I have a 'theoretical' question, to see if a solution I'm planing makes sense or not:

I have a script that reads a lot of data out from the Database, with settings, configuration, etc - and builds that togheter (for every registered user). I wont go into too much details why or what exactly.

My Idea was, that I could actually do that only once and create a .inc file, with the ID of the user, to cache it. If the user changes something, the file will be recreated of course.

But now, lets suppose I do that, with 1'000'000 - or even more files. Will I encounter issues, while including those files? (always one specific file, not every file at once). Is that generaly a good idea, or am I just stressing the server even more with this?

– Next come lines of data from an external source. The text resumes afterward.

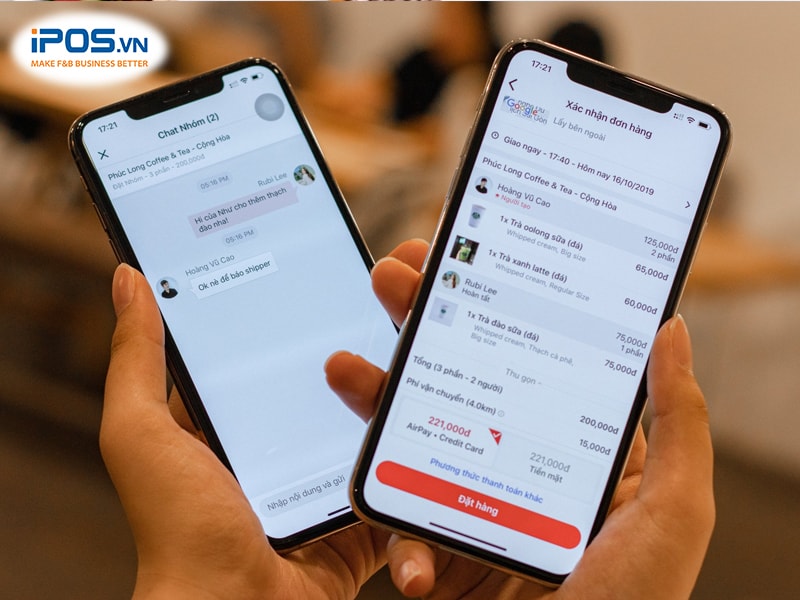 Kinh doanh online trên now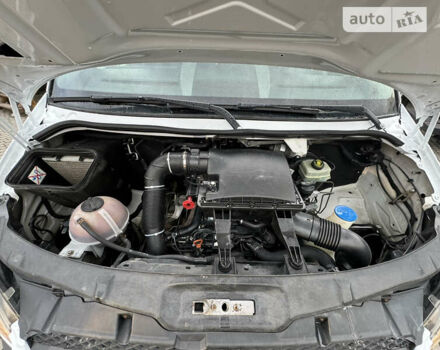 Мерседес Sprinter, объемом двигателя 2.14 л и пробегом 289 тыс. км за 11500 $, фото 26 на Automoto.ua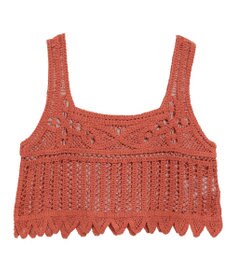 Green Parks SET2点クロシェベスト＋ワンピース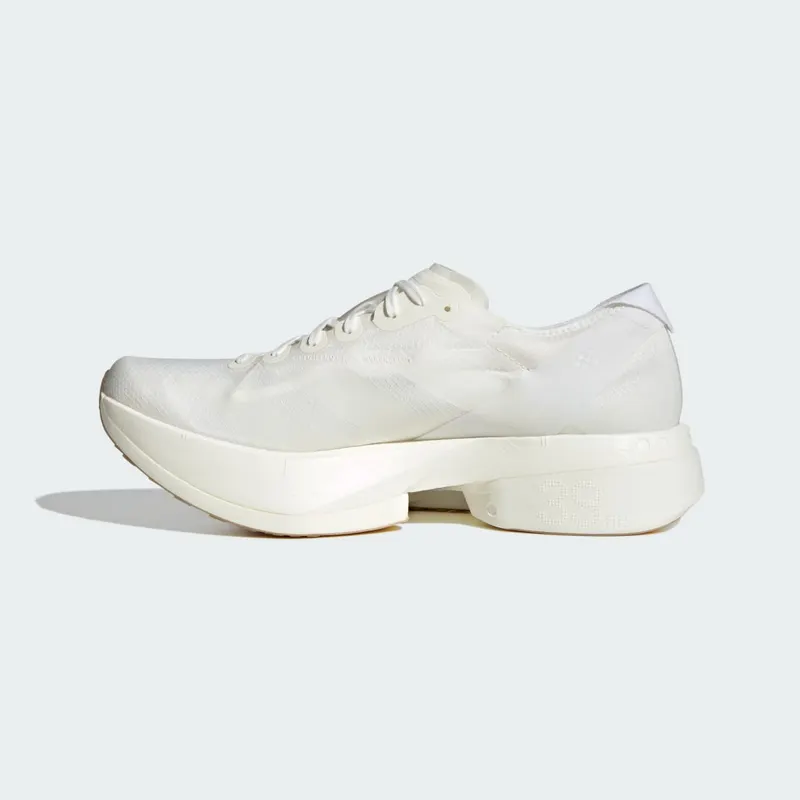 Adidas ADIZERO ADIOS PRO 4 Shoes Non Dyed / Non Dyed / Cardboard (JQ9702)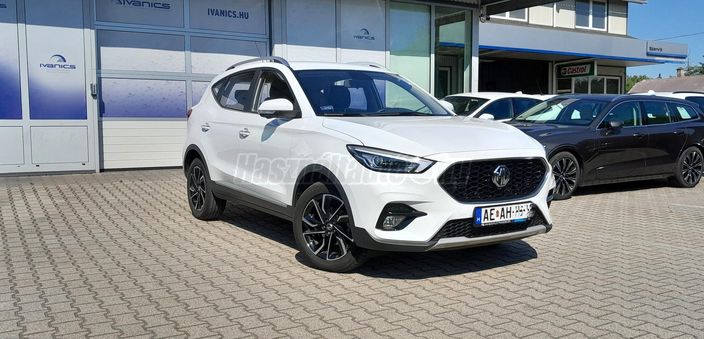 MG ZS 1.0 T-GDI Luxury (Automata)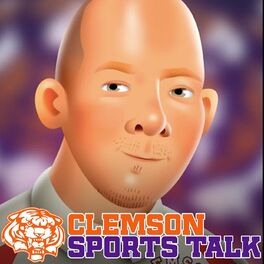 Show cover of Clemson Sports Talk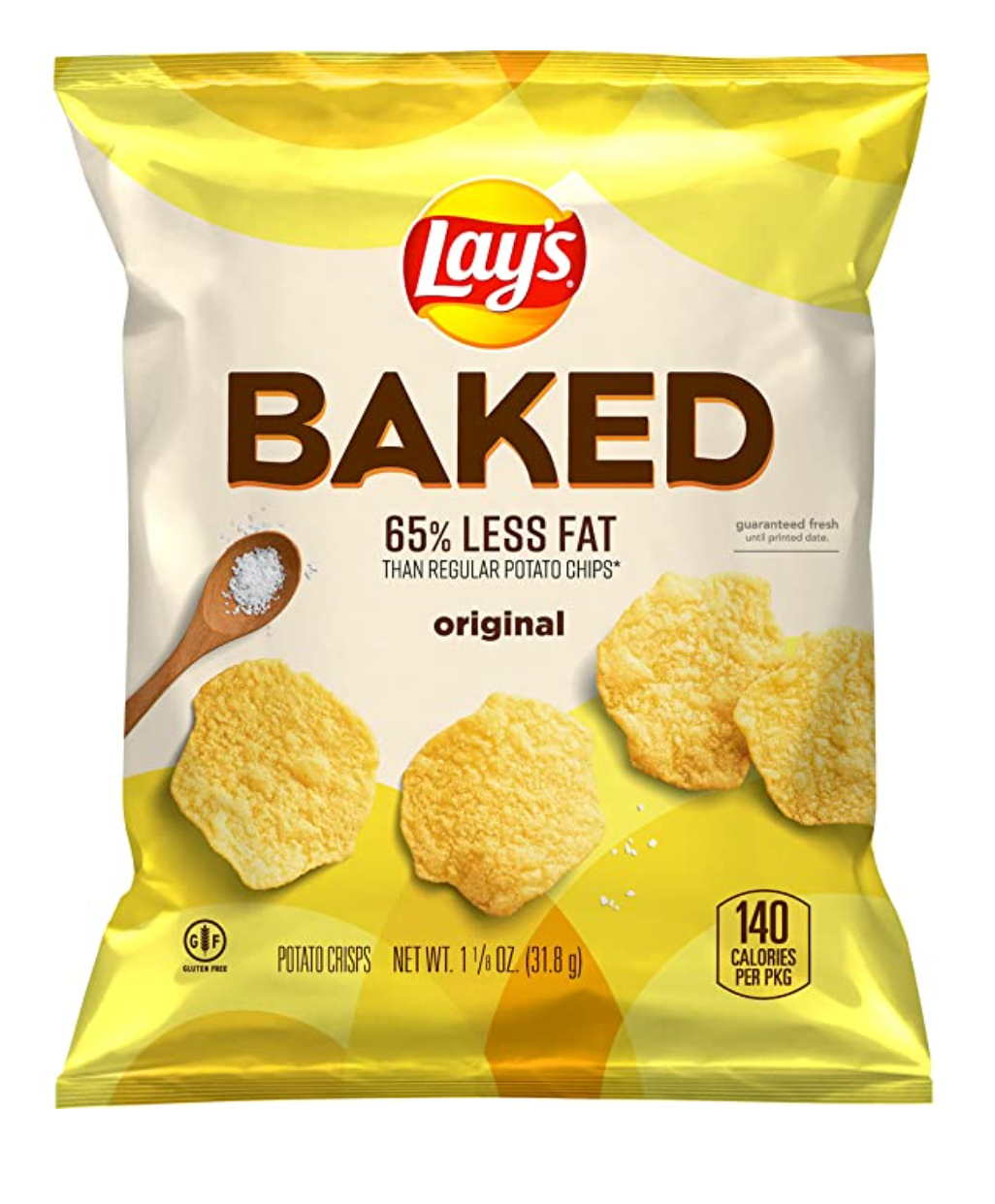 Lay's Baked Original Chips LSS - 64pk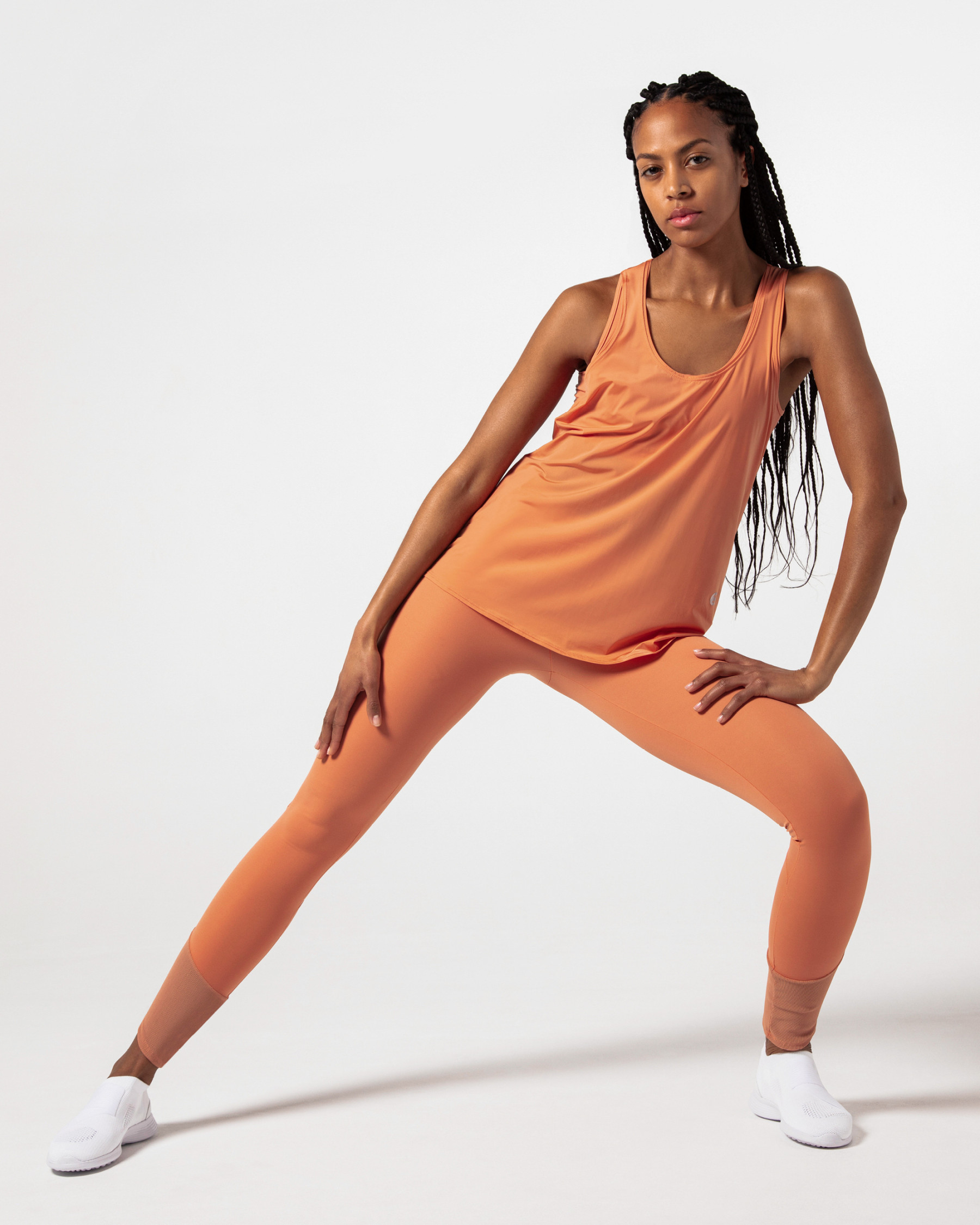 Active Silk tank top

And I'm planing to put everything in the same cache folder - will I have performance improvements, if I split that folder up into multiple ones?

Thanks for the help.

Katai
  • 2,773
  • 3
  • 31
  • 45
  • 1
    I strongly doubt that the file read time, especially while making a million files, will be less than that of just reading the database. – Waleed Khan Aug 08 '12 at 14:34
  • The read time wouldnt be less, but I actually have to read the database and calculate some stuff according to the results. I'm basically saving the 'result' as cached file (so that it's not necessary to do (retrieve, analyze, calculate) it every time) – Katai Aug 08 '12 at 14:35
  • 2
    Why not store those "results" in an extra field in the database? But unless you're making heavy and extensive calculations there's no need for that. – Adi Aug 08 '12 at 14:36
  • 1
    This would really be a question for SU/SF, because it's more about how the underlying file system (NTFS, ext3/ext4 and XFS being the most common ones you'll come across in the real world) will handle it than anything else. My gut instinct tells me that 1000000 files in the root of one directory is a *bad* plan though. – DaveRandom Aug 08 '12 at 14:38
  • Good question - I thought that not storing such things in the DB would be better (+ one less DB call), seeing that the end results actually usually includes a bit of code too (auto generated code) and I didnt really want to `eval()` it, since afaik, `include` use a caching mechanism, right? - And I was looking at other solutions, why do they tend to use cache files? I'm just not sure if this type of raw information belongs in a DB – Katai Aug 08 '12 at 14:45

2 Answers2

2

You will be limited by the file system. It's not possible to reach that many files in a folder. You can do something like this:

  1. Hash the filename: file1.php becomes 3305d5836bea089f2a1758d8e89848c8
  2. Split the hash in several parts: 3/3/0/5/d/5836bea089f2a1758d8e89848c8
  3. It's done
Florent
  • 12,310
  • 10
  • 49
  • 58
  • I'll definitely use this approach if/when I face a million files to organize. Am I right in asuming it would mitigate I/O delays due to the nested folders structure ? – Alex Aug 08 '12 at 14:40
  • Thank you, that would be my favorite solution. But I started to worry about going the wrong route with this... – Katai Aug 09 '12 at 12:07
2

Some filesystems will just not allow that and on many filesystems that will be incredibly slow - simple lookup of one file will be so slow that you program will seek the disk all the time while burning almost no CPU. You'll be much better off if you split those files so that you don't have more than something like several thousands of them per folder.

Also see this answer.

Community
  • 1
  • 1
sharptooth
  • 167,383
  • 100
  • 513
  • 979